And they are developed in separate projects and can be used independently from each other.

However, scaling your cluster requires fine-tuning the setting of the autoscalers so that they work in concert.

Let's have a look at an example.

When autoscaling pods goes wrong

Imagine having an application that requires and uses 1.5GB of memory and 0.25 vCPU at all times.

You provisioned a cluster with a single node of 8GB and 2 vCPU — it should be able to fit four pods perfectly (and have a little bit of extra space left).

A single node cluster with 8GB of memory and 2 vCPU

You deploy a single Pod and set up:

An Horizontal Pod Autoscaler adds a replica every 10 incoming requests (i.e. if you have 40 concurrent requests, it should scale to 4 replicas).
A Cluster Autoscaler to create more nodes when resources are low.

The Horizontal Pod Autoscaler can scale the replicas in your deployment using Custom Metrics such as the queries per second (QPS) from an Ingress controller.

You start driving traffic 30 concurrent requests to your cluster and observe the following:

The Horizontal Pod Autoscaler starts scaling the Pods.
Two more Pods are created.
The Cluster Autoscaler doesn't trigger — no new node is created in the cluster.

It makes sense since there's enough space for one more Pod in that node.

You further increase the traffic to 40 concurrent requests and observe again:

The Horizontal Pod Autoscaler creates one more Pod.
The Pod is pending and cannot be deployed.
The Cluster Autoscaler triggers creating a new node.
The node is provisioned in 4 minutes.

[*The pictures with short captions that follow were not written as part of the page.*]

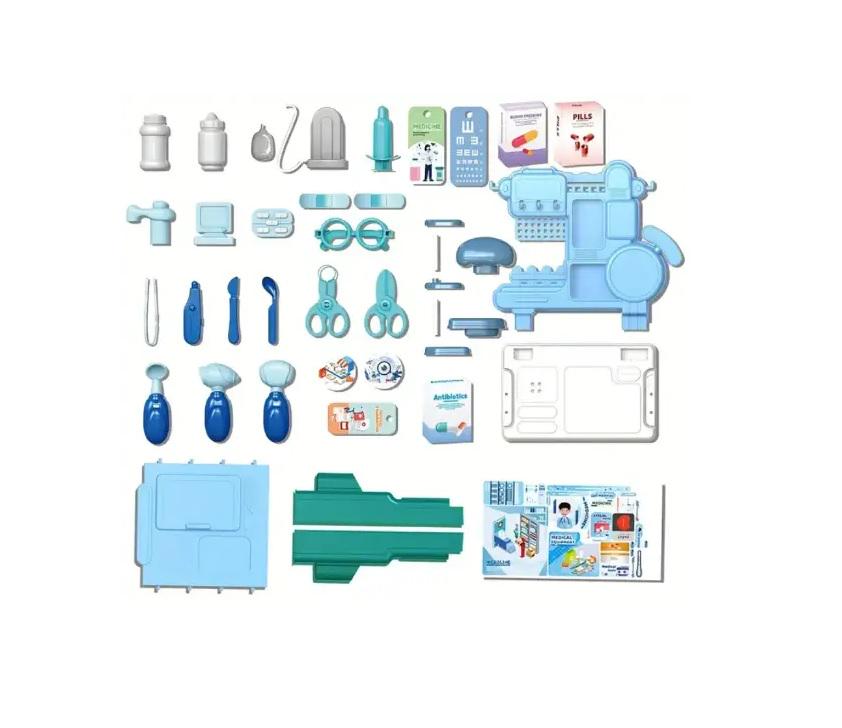 Игровой набор врача Medical Station муляжи инструментов/столик с полочками/наклейки Blue (149079)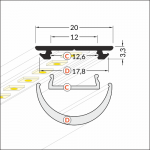 LED juostos profilis ARC12, anoduoto aliuminio sp., 2m, su dangteliu, užbaigimais ir tvirtinimo elementais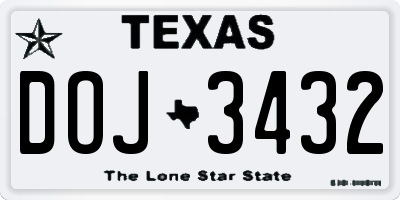 TX license plate DOJ3432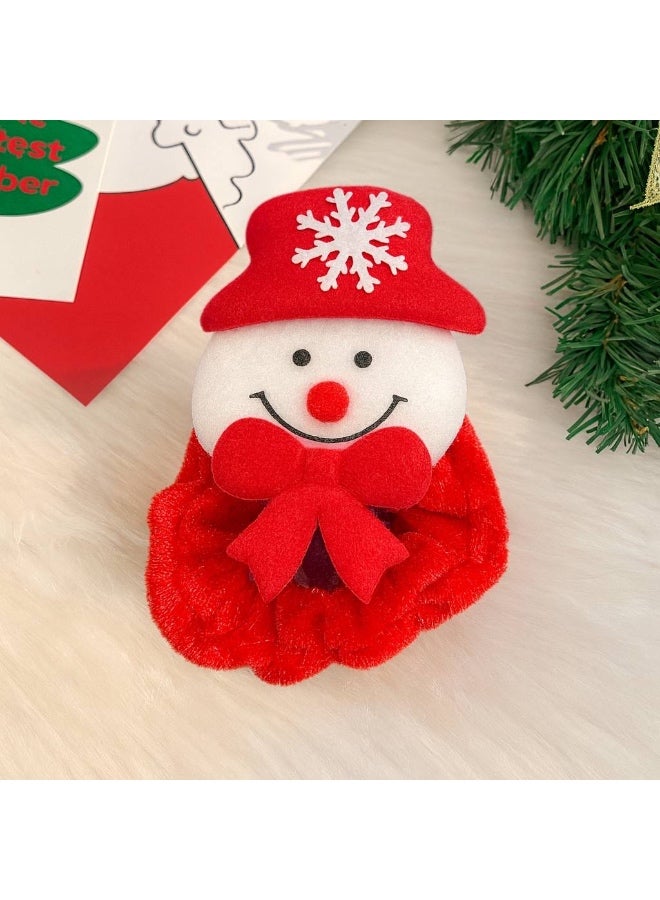 A Christmas-themed elastic hair scrunchie with cute festive designs, made from soft and comfortable material, and decorated with cheerful holiday elements like snowmen, hats, and adorable Christmas motifs that add a joyful touch. Perfect for parties and outings during the holiday season. Suitable for girls, kids, and adults. - Image 2
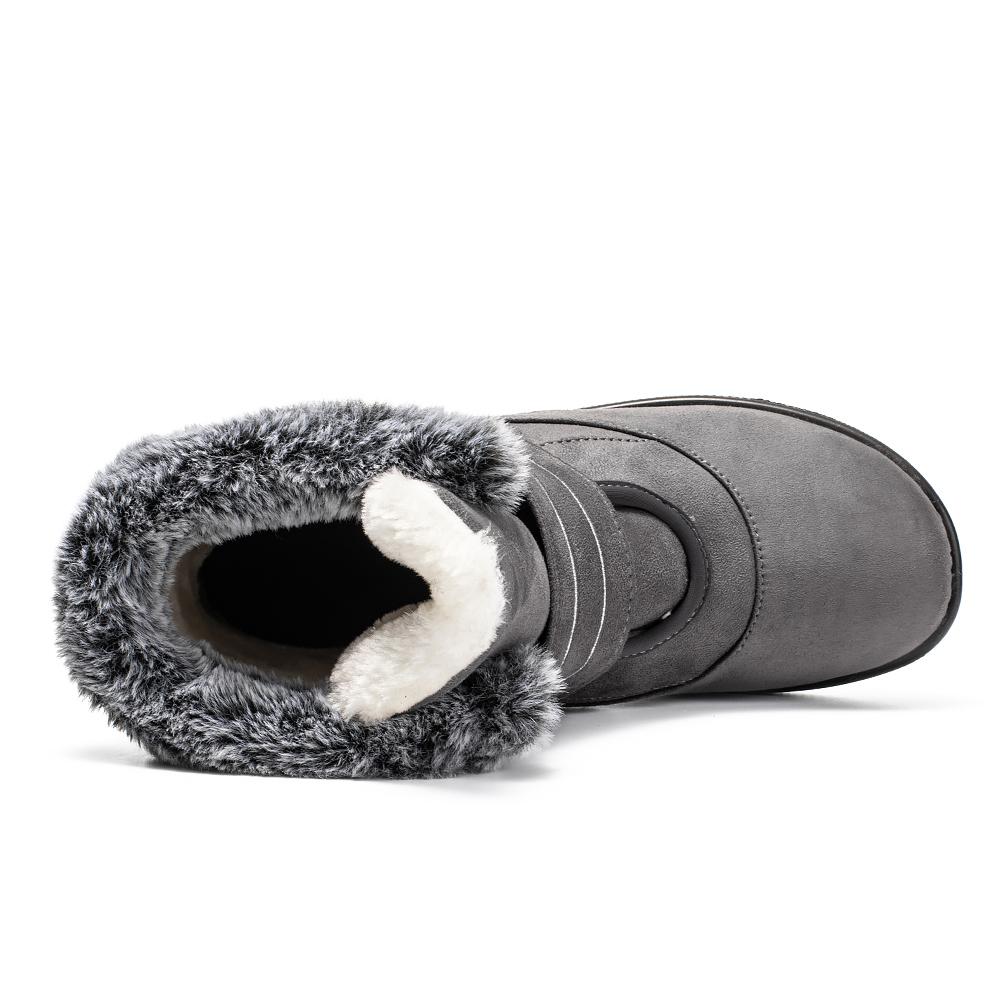 Женская зимняя теплая обувь, нескользящие ботинки на платформе для снега для женщин, замшевые ботильоны, женские ботинки больших размеров, теплые, толстые, плюшевые, хлопковые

After that, the pending Pod is deployed.

1/2
When you scale to four replicas, the fourth replicas isn't deployed in the first node. Instead, it stays "Pending".
Next
2/2
Previous
The autoscaler creates a new node, and the pod is finally deployed.

Why is the fourth Pod not deployed in the first node?

Pods deployed in your Kubernetes cluster consume resources such as memory, CPU and storage.

However, on the same node, the operating system and the kubelet require memory and CPU too.

In a Kubernetes worker node's memory and CPU are divided into:

Resources needed to run the operating system and system daemons such as SSH, systemd, etc.
Resources necessary to run Kubernetes agents such as the Kubelet, the container runtime, node problem detector, etc.
Resources available to Pods.
Resources reserved to the eviction threshold.

Resources in a Kubernetes cluster are consumed by Pods, the operating system, kubelet and eviction threshold

As you can guess, all of those quotas are customisable, but you need to account for them.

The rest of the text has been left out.